* What you have to do
Print, please, exactly the lines from the one with "126 Arlington St, Whitney, TX 76692" through the final line of the data below, with both ends included and the pictures left out.

Dataset items
■ ■ ■
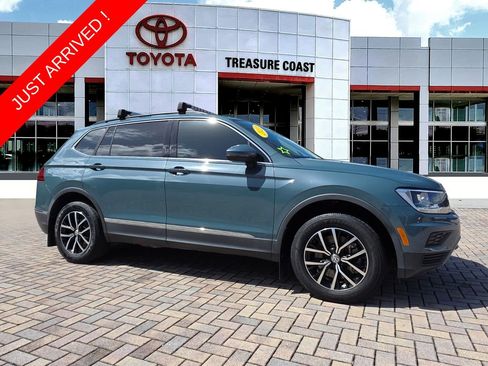 Used 2021 Volkswagen Tiguan SE FWD image 1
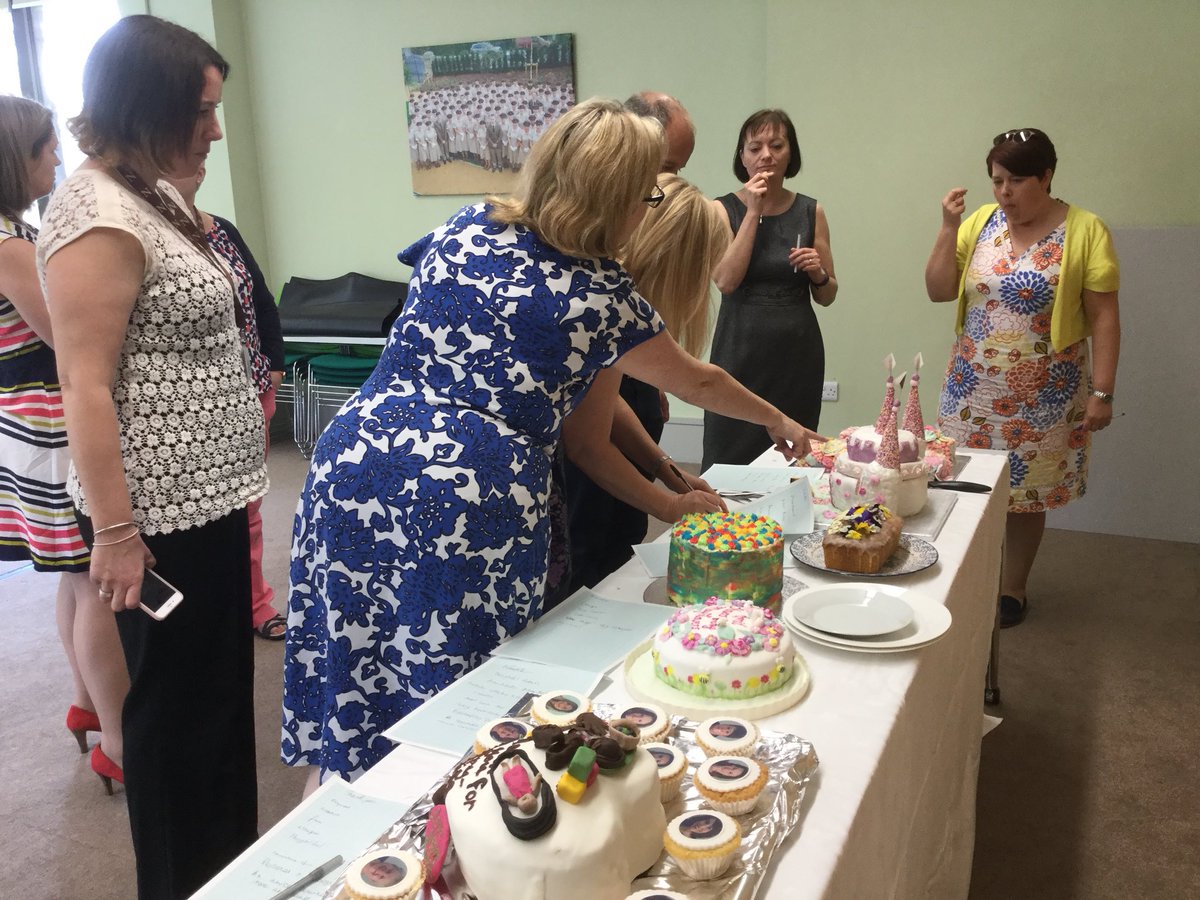 PracticalSkills's tweet photo. Serious deliberation @NorlandCollege bake off for #set39 https://t.co/Xeu0Ibaqgn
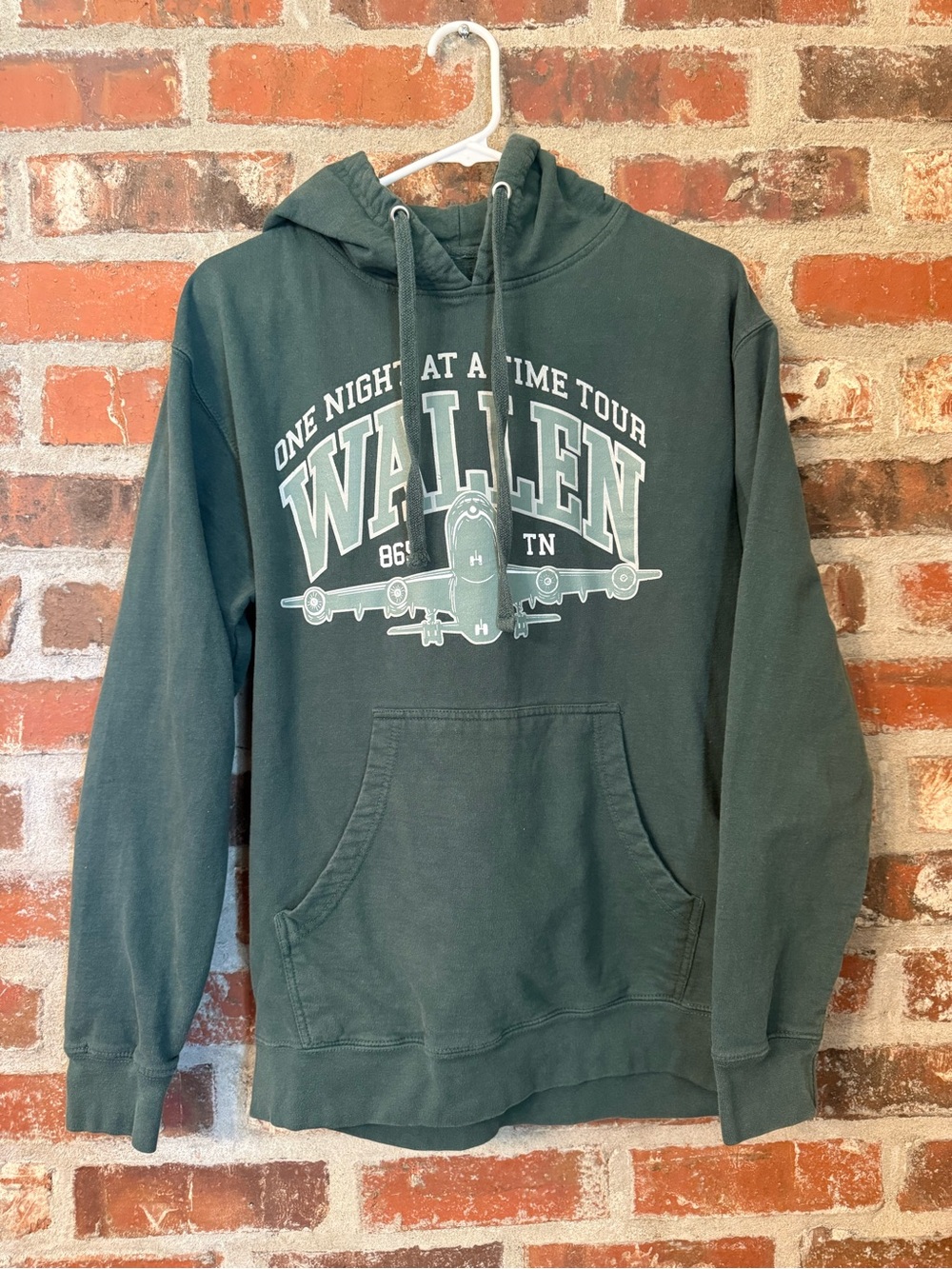T206 -Morgan Wallen 'One Night At A Time' Green Hoodie - Women's Pullover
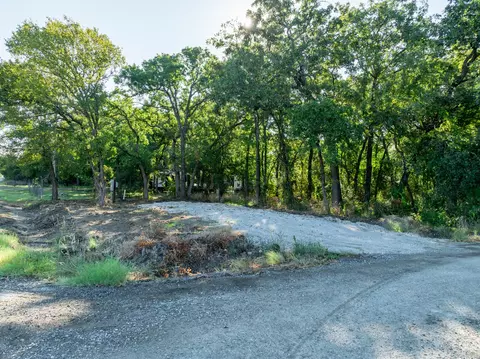126 Arlington St, Whitney, TX 76692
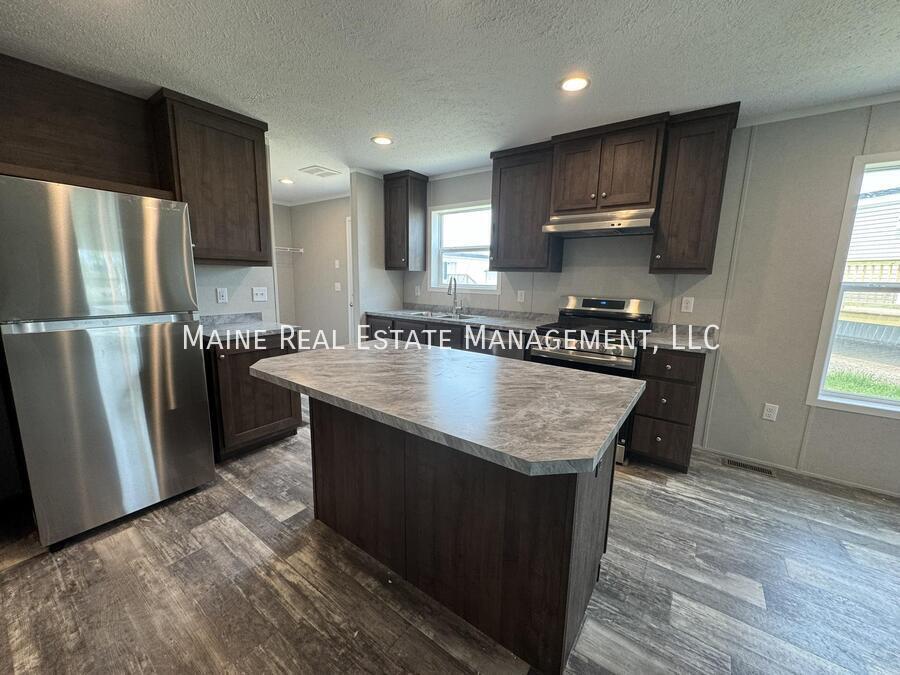 Primary Photo - 111 H St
■ ■ ■
* Completed exercise
126 Arlington St, Whitney, TX 76692
 Primary Photo - 111 H St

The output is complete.